Here with susieR
version 0.4 I examine an example identified from simulations where SuSiE seems to have made mistakes. The data-set can be downloaded here.
%cd ../dsc/susie_comparison
null_weight
did help elimating the false discovery in this case example, although on average it did not seem to help much for CS coverage.

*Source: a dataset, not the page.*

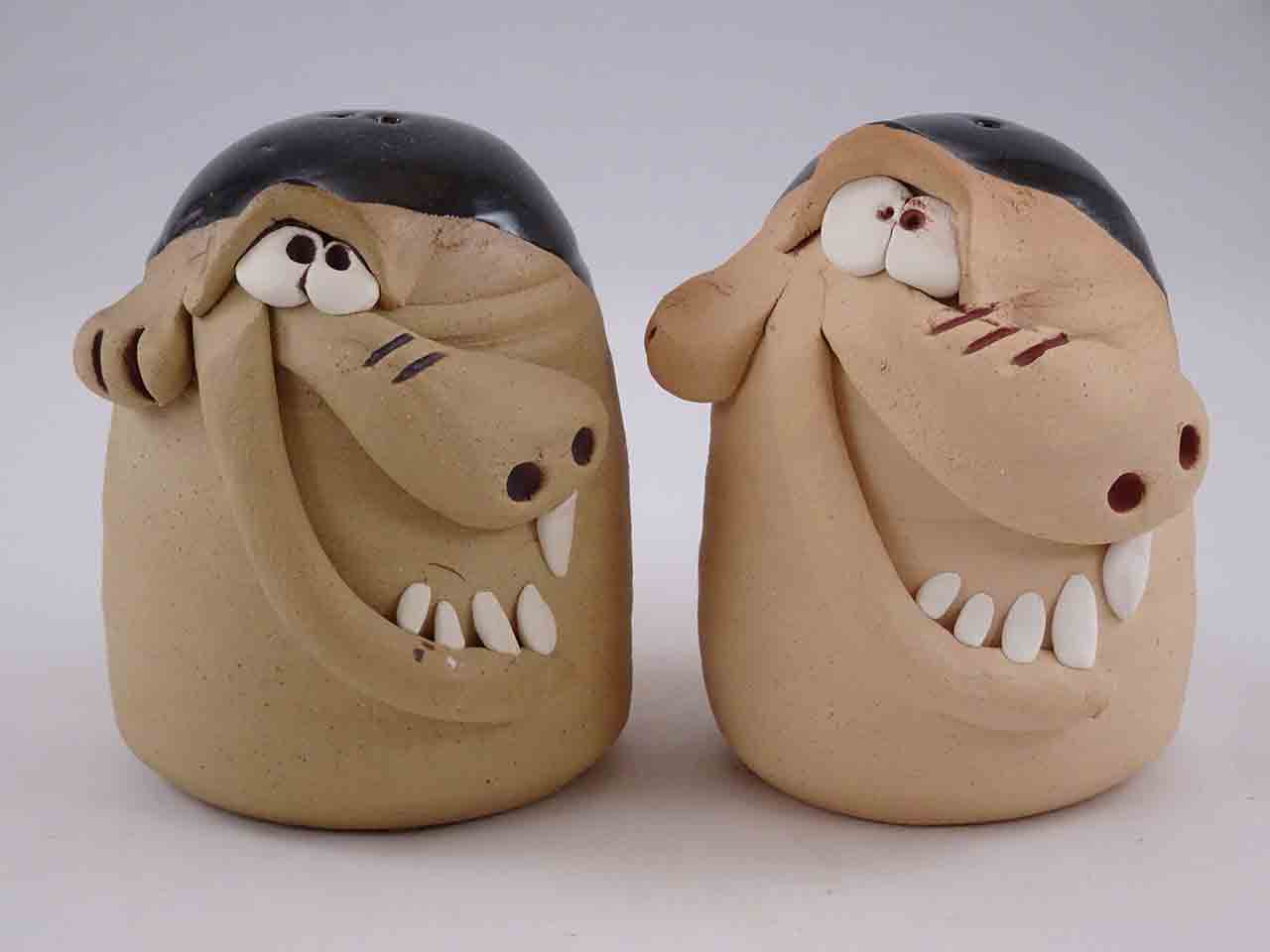 45728 Pretty Ugly Pottery from Wales salt and pepper shakers - alligators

dat = readRDS('lm_less/liter_data_4_summarize_ld_1_lm_less_3.rds')$data
r=1
fitted = susieR::susie(dat$X, dat$Y[,r], L=5,
estimate_residual_variance=TRUE,
scaled_prior_variance=0.1, compute_univariate_zscore = TRUE,
tol=1e-3, track_fit=TRUE)
b = dat$true_coef[,r]
b[which(b!=0)] = 1
susieR::susie_plot(fitted, y='z', b=b, main = paste('z-scores'))
Obviously one CS in cyan it identifies is problematic.

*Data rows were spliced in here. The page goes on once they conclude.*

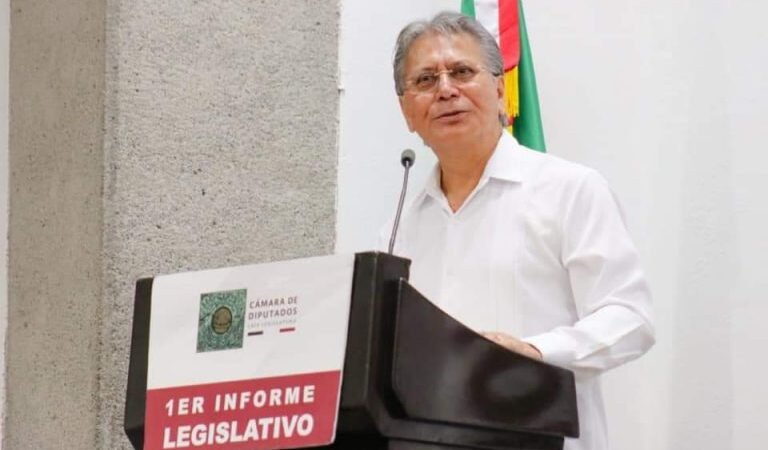 ELEUTERIO ARRIETA, DE ADORNO EN EL CONGRESO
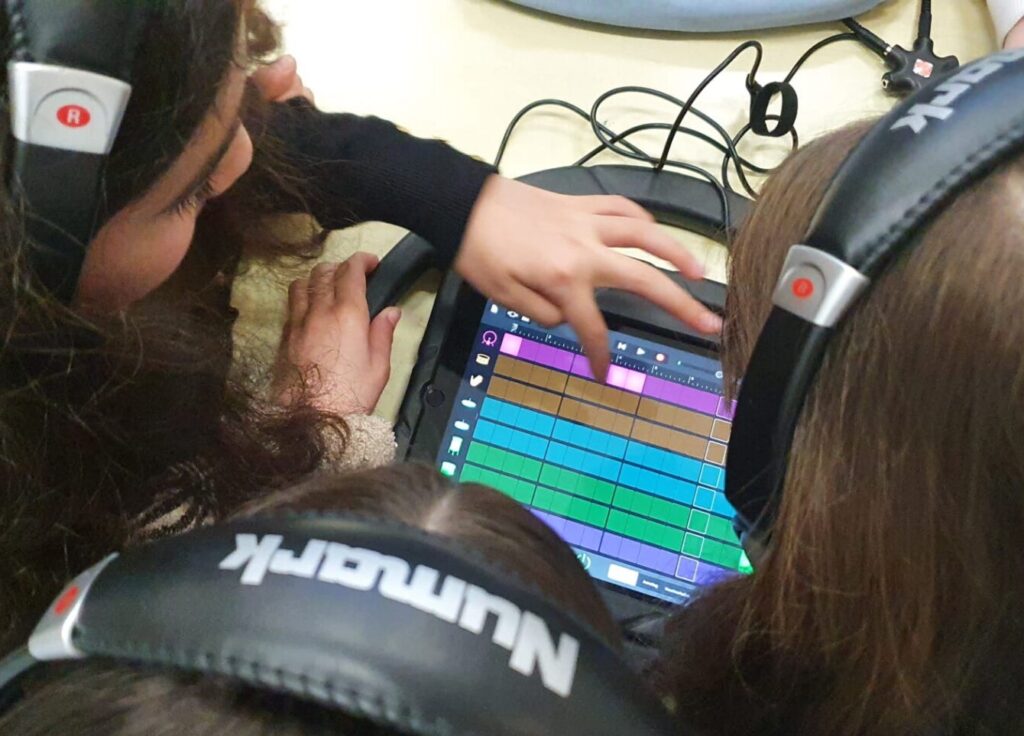 Muziekproductie Workshop op locatie voor groepen kinderen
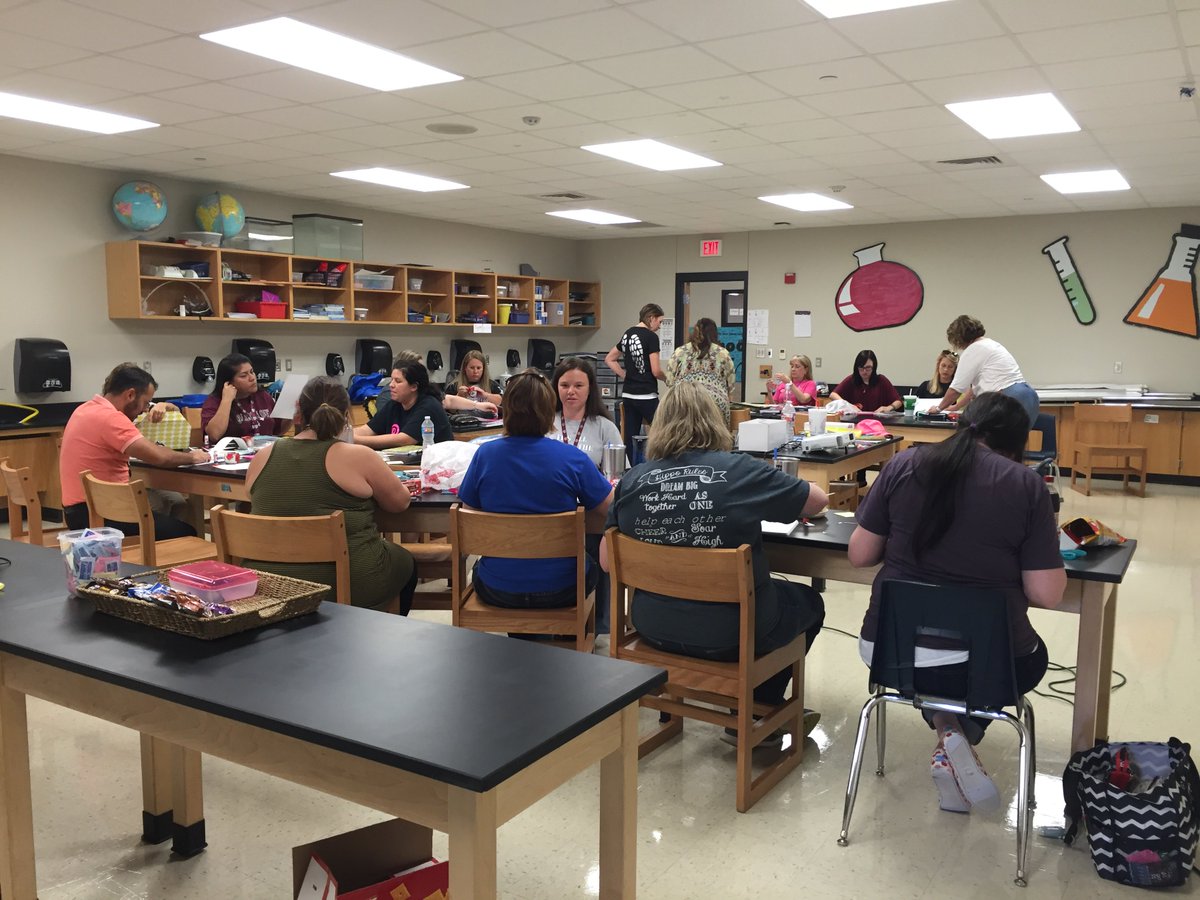 Ray_Principal's tweet photo. Fab Ray Teachers at Read Aloud workshop! https://t.co/4MegDTZl1N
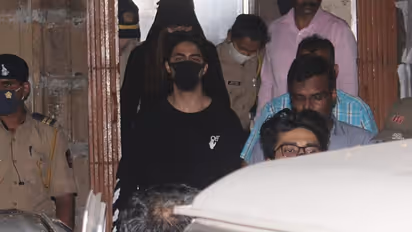 ಶಾರುಖ್ ಪುತ್ರನ ಬಳಿ 13 ಗ್ರಾಂ ಕೊಕೆನ್, 21 ಗ್ರಾಂ ಚರಾಸ್ ಪತ್ತೆ; ಆರ್ಯನ್ ಖಾನ್ಗೆ ಹೆಚ್ಚಾಯ್ತು ಸಂಕಷ್ಟ!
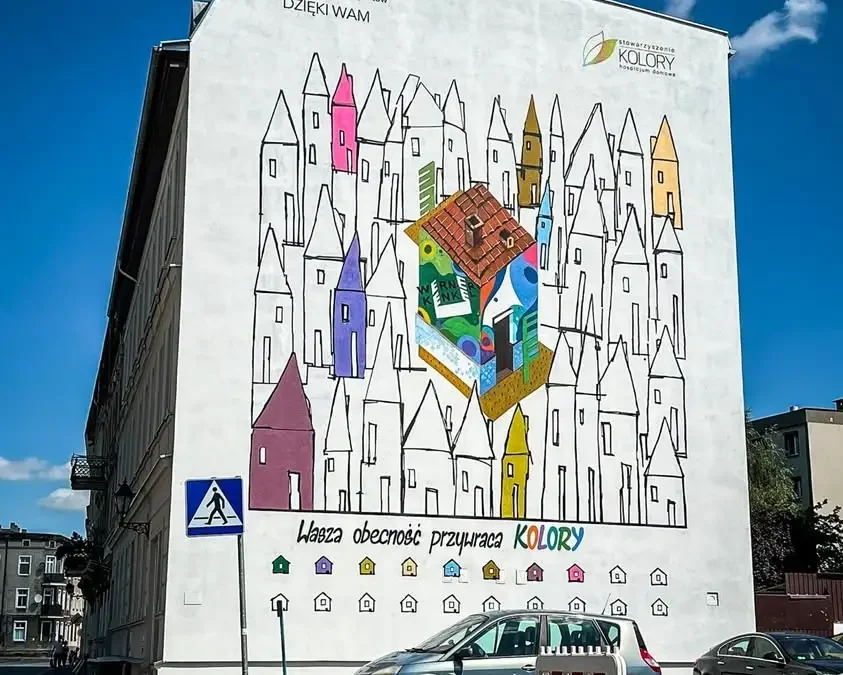Nowy mural przy ulicy Narutowicza – kolorowy symbol wsparcia dla hospicjum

susieR::susie_plot(fitted, y='PIP', b=b, main = paste('z-scores'))
Let's look at the fit summary:
summary(fitted)$cs
Notice immediately that the 2nd single effect was dropped by the algorithm. It warrants to track the fit:
susieR::susie_plot_iteration(fitted, 5, 'test_track_fit')
%preview test_track_fit.gif
The BF is quite large. The z-score for variable 217 is quite small, though:
fitted$z[217]
The true effect sizes are:
cbind(dat$true_coef[,r][which(b==1)], which(b==1))
Where the first one is perhaps too small to pick up anyways. The observed z-scores for true causal variables are:
cbind(fitted$z[which(b==1)], which(b==1))
The 2nd signal, which has smallest z-score, is in fact quite close to the variable 217 SuSiE has picked up. Their correlation is:
cor(dat$X[,217], dat$X[,229])
They are highly correlated as expected. It is just a bit puzzling why SuSiE would rather pick 217 which has observed z-score of -0.05.
f2 = susieR::susie(dat$X, dat$Y[,r], L=5,
estimate_residual_variance=TRUE,
estimate_prior_variance=TRUE,
compute_univariate_zscore = TRUE,
tol=1e-3, track_fit=TRUE)
susieR::susie_plot(f2, y='PIP', b=b, main = paste('z-scores'))
Now SuSiE identifies two causal signals, but still not the first one. Let's see their PIP:
cbind(fitted$pip[which(b==1)], which(b==1))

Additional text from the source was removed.